C. The Decision was reasonable
[21] The Applicant argued that the application process is confusing. He indicated that he had difficulty following the telephone voice prompts to apply. He requested advice from a CRA officer, who allegedly indicated that when he called the number, he select certain numeric options. Based on this advice, the Applicant asserts he mistakenly applied for the CRCB. He acknowledged that he did not have caregiving responsibilities during the relevant period. His intention was to apply for the CRB. He asserts that the decision was unreasonable.
[22] The Respondent submitted that the Decision ought not to be disturbed because it bares the hallmarks of reasonableness and is justified in relation to the relevant factual and legal constraints.
[23] The eligibility criteria established by the CRB Act is statutory and non-discretionary. In other words, the Officer had no choice but to apply the CRB Act. Despite the Applicant’s mistake in applying for the CRCB, the statute is paramount and determinative of this issue (Flock v Canada (Attorney General), 2022 FC 305 at para 23; Moghtaderi v Canada (Revenue Agency), 2024 FC 2069 at para 17; Ashurova v Canada (Attorney General), 2025 FC 428 [Ashurova] at para 54).
D. The Decision was procedurally fair
[24] The Applicant submitted that based on the advice from CRA, he applied by telephone using the numeric prompts as advised and this led to the mistaken application for CRCB. However, there are no records or other evidence available in support of this assertion.
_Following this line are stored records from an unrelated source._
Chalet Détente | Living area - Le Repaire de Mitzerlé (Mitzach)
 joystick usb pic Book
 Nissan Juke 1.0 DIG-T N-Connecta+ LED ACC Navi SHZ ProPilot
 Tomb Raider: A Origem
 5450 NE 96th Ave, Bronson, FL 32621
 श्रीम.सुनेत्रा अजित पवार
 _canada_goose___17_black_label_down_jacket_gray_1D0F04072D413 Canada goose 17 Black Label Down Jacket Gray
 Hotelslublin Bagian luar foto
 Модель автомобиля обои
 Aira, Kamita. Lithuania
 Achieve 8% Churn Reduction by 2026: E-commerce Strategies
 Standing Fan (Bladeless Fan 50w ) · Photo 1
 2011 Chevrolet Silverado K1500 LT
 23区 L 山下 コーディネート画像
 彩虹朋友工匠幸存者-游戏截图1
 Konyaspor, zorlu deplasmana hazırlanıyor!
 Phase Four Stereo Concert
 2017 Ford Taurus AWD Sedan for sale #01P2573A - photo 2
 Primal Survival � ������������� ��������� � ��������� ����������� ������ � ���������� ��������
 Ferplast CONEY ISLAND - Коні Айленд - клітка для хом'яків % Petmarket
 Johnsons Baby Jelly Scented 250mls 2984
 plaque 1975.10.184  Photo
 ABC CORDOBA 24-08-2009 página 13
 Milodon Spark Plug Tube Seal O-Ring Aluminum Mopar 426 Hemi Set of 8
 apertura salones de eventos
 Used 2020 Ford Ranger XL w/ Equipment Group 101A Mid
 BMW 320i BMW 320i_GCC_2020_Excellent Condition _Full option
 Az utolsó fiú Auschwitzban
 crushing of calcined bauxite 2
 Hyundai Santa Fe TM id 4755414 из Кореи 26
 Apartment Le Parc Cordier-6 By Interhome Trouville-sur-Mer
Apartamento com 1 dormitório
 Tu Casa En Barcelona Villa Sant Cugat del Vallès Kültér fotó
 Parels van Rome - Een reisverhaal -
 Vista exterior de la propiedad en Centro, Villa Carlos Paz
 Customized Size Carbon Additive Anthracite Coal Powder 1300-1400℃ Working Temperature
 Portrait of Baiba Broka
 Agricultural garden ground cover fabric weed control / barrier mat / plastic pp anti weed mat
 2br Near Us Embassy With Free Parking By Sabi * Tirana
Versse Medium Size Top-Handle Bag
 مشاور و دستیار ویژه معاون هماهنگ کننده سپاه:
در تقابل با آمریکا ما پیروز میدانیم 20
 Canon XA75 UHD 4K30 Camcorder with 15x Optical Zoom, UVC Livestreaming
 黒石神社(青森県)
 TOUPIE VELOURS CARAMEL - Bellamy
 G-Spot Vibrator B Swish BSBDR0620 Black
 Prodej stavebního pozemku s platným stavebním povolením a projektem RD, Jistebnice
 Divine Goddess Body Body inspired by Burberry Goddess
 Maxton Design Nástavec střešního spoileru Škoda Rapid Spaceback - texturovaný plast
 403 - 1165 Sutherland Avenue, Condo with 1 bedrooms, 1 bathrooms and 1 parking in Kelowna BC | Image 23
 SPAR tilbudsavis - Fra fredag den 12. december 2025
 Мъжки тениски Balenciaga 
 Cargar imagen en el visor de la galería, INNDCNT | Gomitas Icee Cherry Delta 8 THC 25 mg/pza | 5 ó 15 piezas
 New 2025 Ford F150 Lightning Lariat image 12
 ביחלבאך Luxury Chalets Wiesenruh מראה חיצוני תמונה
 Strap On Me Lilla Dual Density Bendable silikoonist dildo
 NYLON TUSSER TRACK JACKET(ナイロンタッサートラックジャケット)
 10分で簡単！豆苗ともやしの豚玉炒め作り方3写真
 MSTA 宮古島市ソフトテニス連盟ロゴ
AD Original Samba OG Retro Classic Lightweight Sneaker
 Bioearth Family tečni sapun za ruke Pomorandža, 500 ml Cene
Further, this Court has confirmed that the representations of officers regarding eligibility cannot override the CRA’s duty to apply the non-discretionary legislative criteria and is determinative of an applicant’s eligibility (Coscarelli v Canada (Attorney General), 2022 FC 1659 at para 22).
[25] The Respondent argued that allegations of procedural unfairness related to the Decision are not established. The Respondent noted that the Applicant took advantage of the opportunity to make supplemental submissions for consideration by the Officer. The record demonstrates that the Officer considered the supplementary submissions.
[26] In the context of decisions made under the CRB Act, the level of procedural fairness owed is at the low end of the spectrum (Ashurova at para 61, citing Cozak v Canada (Attorney General), 2023 FC 1571 at para 17).
[27] The record illustrates that the Applicant was provided opportunities to give additional information in two separate phone calls on March 4 and April 17, 2024.
[28] The Applicant asked and responded to questions. In my view, the Applicant knew the case he had to meet, and he was given a full and fair opportunity to make submissions, which the Officer considered.
[29] In my view, the Decision was made in a procedurally fair manner.
V. Conclusion
[30] The Decision is reasonable and was made in a procedurally fair manner. Accordingly, this application for judicial review is dismissed without costs.
[31] I conclude by stating that I understand the Applicant’s grievances and concerns. I am empathetic to the Applicant’s situation; however, the CRB Act is clear and there is no room for discretion—officers are required to apply the eligibility criteria to everyone. There is little doubt that this has been a frustrating process for the Applicant.
[32] I am concerned that the Applicant has indicated that in his dealings with CRA, some officers have been unhelpful, discourteous, and unsympathetic to the situation that the Applicant and many Canadian taxpayers have found themselves in. That said, the legislative criteria are clear, there is no discretion and therefore the Decision is reasonable.